Health

Cap-and-trade carbon plans slash health costs: MIT study

Massive savings to health-care spending can be had with if governments implement a cap-and-trade carbon reduction program, says a new study.

Reducing pollution could save millions of lives

Carbon emissions can trigger asthma attacks, cause heart and lung disease and can lead to premature death. (Remy de la Mauviniere/Associated Press)

Massive savings to health-care spending can be had if governments implement a cap-and-trade carbon reduction program, say researchers at the Massachusetts Institute of Technology (MIT).

In their study, the MIT researchers examined three types of carbon reduction policies in the U.S. and their effect on health-care spending and published their findings in the journal Nature Climate Change.

While previous studies have found that death rates from emphysema, asthma and pneumonia fell dramatically as air quality improved, they did not examine the economics of emission reduction policies.

"The carbon policies are just the first step,” said co-author Noelle Selin in the study. Selin is an assistant professor of engineering systems and atmospheric chemistry at MIT.

“To manage climate change, we’ll have to make carbon cuts that go beyond the initial reductions that lead to the largest air-pollution benefits.”

Selin and her team analyzed the health benefits to the economic cost of three climate policies:

  • A clean-energy standard.
  • A transportation policy.
  • A cap and trade policy

Clean-energy policies require power plants to lower their emissions whereas a transportation policy is aimed at vehicles.

In a cap-and-trade system, the government puts a cap on the total amount of pollution industry is allowed to emit. Each company would receive permits for how much pollution it could produce. If a company produces less than its limit, it could sell — or trade — permits to other companies that have gone over their limit.

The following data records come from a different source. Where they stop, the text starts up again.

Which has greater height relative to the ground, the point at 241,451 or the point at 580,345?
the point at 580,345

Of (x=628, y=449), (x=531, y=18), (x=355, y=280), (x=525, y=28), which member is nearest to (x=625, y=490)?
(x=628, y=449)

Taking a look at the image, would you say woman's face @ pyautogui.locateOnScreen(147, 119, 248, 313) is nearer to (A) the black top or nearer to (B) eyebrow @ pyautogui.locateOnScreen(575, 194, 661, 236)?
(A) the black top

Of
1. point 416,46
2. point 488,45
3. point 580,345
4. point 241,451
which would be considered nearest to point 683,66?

Researchers used comprehensive models of both the economy and the atmosphere in 231 U.S. counties in 2011 to come up with their results.

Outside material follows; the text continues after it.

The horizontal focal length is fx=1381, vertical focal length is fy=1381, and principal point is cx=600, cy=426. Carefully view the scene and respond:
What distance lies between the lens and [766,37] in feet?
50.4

They pinpointed the health effects of ground-level ozone and fine particulate matter, both of which trigger asthma attacks, cause heart and lung disease and can lead to premature death.

They discovered that the greatest health savings came from the cap-and-trade program, with savings coming in at 10.5 times the $14.5-billion cost of such a program.

Meanwhile, a clean energy policy came in second, garnering $247 billion in health savings compared to the program’s $208-million cost.

A transportation standard requiring fuel-economy standards only nabbed a quarter of its $1 trillion cost.

The study was supported by funding from the Environmental Protection Agency’s Science to Achieve Results program.